Una acción más clásica (y también más radical) fue la del gobierno Mitterrand, que en 1981-82 nacionaliza la totalidad del sector bancario y financiero y algunos de los principales grupos industriales galos (en sectores tan diversos como la energía, la química, la siderurgia o la electrónica), que se unen al importante sector público heredado de la Liberación. Es sabido, sin embargo, que la propiedad pública apenas introdujo cambios en la gestión: hasta el punto que el sector financiero en manos del Gobierno conspiró alegremente contra su estabilidad, facilitando la fuga de capitales y la especulación contra el franco francés en los mercados de divisas. Atenazado por la inestabilidad económica y el creciente déficit en la balanza de pagos, Mitterrand capitula en 1983: Nous avons beaucoup rêvé…

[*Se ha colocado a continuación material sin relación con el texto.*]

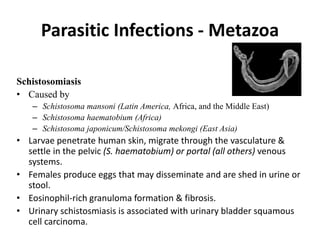 Parasitic Infections - Metazoa
Schistosomiasis
• Caused by
– Schistosoma mansoni (Latin America, Africa, and the Middle East)
– Schistosoma haematobium (Africa)
– Schistosoma japonicum/Schistosoma mekongi (East Asia)
• Larvae penetrate human skin, migrate through the vasculature &
settle in the pelvic (S. haematobium) or portal (all others) venous
systems.
• Females produce eggs that may disseminate and are shed in urine or
stool.
• Eosinophil-rich granuloma formation & fibrosis.
• Urinary schistosmiasis is associated with urinary bladder squamous
cell carcinoma.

La cuestión del control democrático de la economía puede ser considerada un tanto lejana en una época en la que derechos tan elementales como el de negociación colectiva o el de huelga deben ser defendidos contra la voracidad de la patronal y sus representantes. Pero la realidad en la que tales planes se originan sigue vigente, pues sigue siendo difícil afrontar los problemas de la desigualdad y el desempleo mediante políticas keynesianas sin recrudecer la ofensiva del capital contra el trabajo y sin incurrir, accesoriamente, en desequilibrios externos que abren la puerta a la intervención del FMI y el capital financiero (o, en el caso de la Eurozona, en déficits fiscales en cuya financiación el BCE y los especuladores de deuda pública cumplen el mismo papel). Una ofensiva sindical consciente y sostenida desemboca, por su propio impulso democratizador, en un cuestionamiento del monopolio capitalista en la producción: tarea para la que debemos estar preparados.